■ DATA SHOWN

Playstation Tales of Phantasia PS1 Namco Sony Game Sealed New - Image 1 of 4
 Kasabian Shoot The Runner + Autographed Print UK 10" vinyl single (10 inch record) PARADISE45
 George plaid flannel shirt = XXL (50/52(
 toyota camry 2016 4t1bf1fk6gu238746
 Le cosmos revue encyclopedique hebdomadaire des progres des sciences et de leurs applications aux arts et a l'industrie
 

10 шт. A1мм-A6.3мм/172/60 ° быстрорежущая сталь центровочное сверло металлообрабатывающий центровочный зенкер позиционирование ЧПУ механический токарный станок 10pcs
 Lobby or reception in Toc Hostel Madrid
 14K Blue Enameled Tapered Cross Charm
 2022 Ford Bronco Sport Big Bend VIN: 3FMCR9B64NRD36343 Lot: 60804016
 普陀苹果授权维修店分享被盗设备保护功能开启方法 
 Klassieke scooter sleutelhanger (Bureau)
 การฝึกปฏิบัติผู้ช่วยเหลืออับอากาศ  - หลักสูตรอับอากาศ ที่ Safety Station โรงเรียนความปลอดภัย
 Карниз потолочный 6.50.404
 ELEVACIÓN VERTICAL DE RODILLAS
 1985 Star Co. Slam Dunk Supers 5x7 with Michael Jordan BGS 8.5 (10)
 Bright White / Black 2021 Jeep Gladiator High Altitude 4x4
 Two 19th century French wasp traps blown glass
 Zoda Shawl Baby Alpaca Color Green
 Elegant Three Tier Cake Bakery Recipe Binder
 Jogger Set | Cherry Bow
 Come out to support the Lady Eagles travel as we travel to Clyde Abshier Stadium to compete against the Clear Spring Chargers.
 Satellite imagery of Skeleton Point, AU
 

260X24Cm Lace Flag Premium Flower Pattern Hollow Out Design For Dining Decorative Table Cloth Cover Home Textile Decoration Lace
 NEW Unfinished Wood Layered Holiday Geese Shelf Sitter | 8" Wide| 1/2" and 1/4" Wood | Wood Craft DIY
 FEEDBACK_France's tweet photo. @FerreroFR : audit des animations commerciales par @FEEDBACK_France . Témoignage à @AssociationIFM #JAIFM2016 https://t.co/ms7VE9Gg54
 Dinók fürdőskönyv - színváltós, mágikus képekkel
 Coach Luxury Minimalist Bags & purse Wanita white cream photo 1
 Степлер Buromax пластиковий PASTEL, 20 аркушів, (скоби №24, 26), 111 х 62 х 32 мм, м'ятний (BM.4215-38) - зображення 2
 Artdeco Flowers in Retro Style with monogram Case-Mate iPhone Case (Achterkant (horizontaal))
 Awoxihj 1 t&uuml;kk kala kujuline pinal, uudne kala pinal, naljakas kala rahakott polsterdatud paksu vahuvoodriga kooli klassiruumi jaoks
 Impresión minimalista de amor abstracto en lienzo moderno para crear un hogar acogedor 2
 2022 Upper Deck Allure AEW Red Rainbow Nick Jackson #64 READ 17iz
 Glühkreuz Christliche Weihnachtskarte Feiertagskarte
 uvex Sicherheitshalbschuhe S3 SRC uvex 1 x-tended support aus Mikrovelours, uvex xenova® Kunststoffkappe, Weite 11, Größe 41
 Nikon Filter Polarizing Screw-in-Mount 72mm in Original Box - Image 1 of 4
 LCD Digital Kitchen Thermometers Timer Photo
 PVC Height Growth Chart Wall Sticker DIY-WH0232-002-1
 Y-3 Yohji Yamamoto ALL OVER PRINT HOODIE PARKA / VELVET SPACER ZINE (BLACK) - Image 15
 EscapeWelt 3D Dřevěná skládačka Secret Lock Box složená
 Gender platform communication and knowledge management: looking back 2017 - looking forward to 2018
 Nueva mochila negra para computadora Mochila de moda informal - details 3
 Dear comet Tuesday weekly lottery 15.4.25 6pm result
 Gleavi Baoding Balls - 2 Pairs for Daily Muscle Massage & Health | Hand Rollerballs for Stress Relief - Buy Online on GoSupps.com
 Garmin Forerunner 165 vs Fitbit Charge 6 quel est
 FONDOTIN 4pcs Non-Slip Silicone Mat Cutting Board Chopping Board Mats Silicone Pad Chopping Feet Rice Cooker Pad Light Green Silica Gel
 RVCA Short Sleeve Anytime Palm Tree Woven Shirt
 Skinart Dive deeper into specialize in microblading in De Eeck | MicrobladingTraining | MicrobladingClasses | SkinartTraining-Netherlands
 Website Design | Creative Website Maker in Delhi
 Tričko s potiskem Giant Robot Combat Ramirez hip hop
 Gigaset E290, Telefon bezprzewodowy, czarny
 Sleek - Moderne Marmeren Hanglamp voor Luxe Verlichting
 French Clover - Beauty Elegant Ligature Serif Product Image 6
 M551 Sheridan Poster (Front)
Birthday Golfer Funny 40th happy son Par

■ TASK DIRECTIONS
Return each record exactly as given.

■ RESULT FOR THIS TASK
Playstation Tales of Phantasia PS1 Namco Sony Game Sealed New - Image 1 of 4
 Kasabian Shoot The Runner + Autographed Print UK 10" vinyl single (10 inch record) PARADISE45
 George plaid flannel shirt = XXL (50/52(
 toyota camry 2016 4t1bf1fk6gu238746
 Le cosmos revue encyclopedique hebdomadaire des progres des sciences et de leurs applications aux arts et a l'industrie
 

10 шт. A1мм-A6.3мм/172/60 ° быстрорежущая сталь центровочное сверло металлообрабатывающий центровочный зенкер позиционирование ЧПУ механический токарный станок 10pcs
 Lobby or reception in Toc Hostel Madrid
 14K Blue Enameled Tapered Cross Charm
 2022 Ford Bronco Sport Big Bend VIN: 3FMCR9B64NRD36343 Lot: 60804016
 普陀苹果授权维修店分享被盗设备保护功能开启方法 
 Klassieke scooter sleutelhanger (Bureau)
 การฝึกปฏิบัติผู้ช่วยเหลืออับอากาศ  - หลักสูตรอับอากาศ ที่ Safety Station โรงเรียนความปลอดภัย
 Карниз потолочный 6.50.404
 ELEVACIÓN VERTICAL DE RODILLAS
 1985 Star Co. Slam Dunk Supers 5x7 with Michael Jordan BGS 8.5 (10)
 Bright White / Black 2021 Jeep Gladiator High Altitude 4x4
 Two 19th century French wasp traps blown glass
 Zoda Shawl Baby Alpaca Color Green
 Elegant Three Tier Cake Bakery Recipe Binder
 Jogger Set | Cherry Bow
 Come out to support the Lady Eagles travel as we travel to Clyde Abshier Stadium to compete against the Clear Spring Chargers.
 Satellite imagery of Skeleton Point, AU
 

260X24Cm Lace Flag Premium Flower Pattern Hollow Out Design For Dining Decorative Table Cloth Cover Home Textile Decoration Lace
 NEW Unfinished Wood Layered Holiday Geese Shelf Sitter | 8" Wide| 1/2" and 1/4" Wood | Wood Craft DIY
 FEEDBACK_France's tweet photo. @FerreroFR : audit des animations commerciales par @FEEDBACK_France . Témoignage à @AssociationIFM #JAIFM2016 https://t.co/ms7VE9Gg54
 Dinók fürdőskönyv - színváltós, mágikus képekkel
 Coach Luxury Minimalist Bags & purse Wanita white cream photo 1
 Степлер Buromax пластиковий PASTEL, 20 аркушів, (скоби №24, 26), 111 х 62 х 32 мм, м'ятний (BM.4215-38) - зображення 2
 Artdeco Flowers in Retro Style with monogram Case-Mate iPhone Case (Achterkant (horizontaal))
 Awoxihj 1 t&uuml;kk kala kujuline pinal, uudne kala pinal, naljakas kala rahakott polsterdatud paksu vahuvoodriga kooli klassiruumi jaoks
 Impresión minimalista de amor abstracto en lienzo moderno para crear un hogar acogedor 2
 2022 Upper Deck Allure AEW Red Rainbow Nick Jackson #64 READ 17iz
 Glühkreuz Christliche Weihnachtskarte Feiertagskarte
 uvex Sicherheitshalbschuhe S3 SRC uvex 1 x-tended support aus Mikrovelours, uvex xenova® Kunststoffkappe, Weite 11, Größe 41
 Nikon Filter Polarizing Screw-in-Mount 72mm in Original Box - Image 1 of 4
 LCD Digital Kitchen Thermometers Timer Photo
 PVC Height Growth Chart Wall Sticker DIY-WH0232-002-1
 Y-3 Yohji Yamamoto ALL OVER PRINT HOODIE PARKA / VELVET SPACER ZINE (BLACK) - Image 15
 EscapeWelt 3D Dřevěná skládačka Secret Lock Box složená
 Gender platform communication and knowledge management: looking back 2017 - looking forward to 2018
 Nueva mochila negra para computadora Mochila de moda informal - details 3
 Dear comet Tuesday weekly lottery 15.4.25 6pm result
 Gleavi Baoding Balls - 2 Pairs for Daily Muscle Massage & Health | Hand Rollerballs for Stress Relief - Buy Online on GoSupps.com
 Garmin Forerunner 165 vs Fitbit Charge 6 quel est
 FONDOTIN 4pcs Non-Slip Silicone Mat Cutting Board Chopping Board Mats Silicone Pad Chopping Feet Rice Cooker Pad Light Green Silica Gel
 RVCA Short Sleeve Anytime Palm Tree Woven Shirt
 Skinart Dive deeper into specialize in microblading in De Eeck | MicrobladingTraining | MicrobladingClasses | SkinartTraining-Netherlands
 Website Design | Creative Website Maker in Delhi
 Tričko s potiskem Giant Robot Combat Ramirez hip hop
 Gigaset E290, Telefon bezprzewodowy, czarny
 Sleek - Moderne Marmeren Hanglamp voor Luxe Verlichting
 French Clover - Beauty Elegant Ligature Serif Product Image 6
 M551 Sheridan Poster (Front)
Birthday Golfer Funny 40th happy son Par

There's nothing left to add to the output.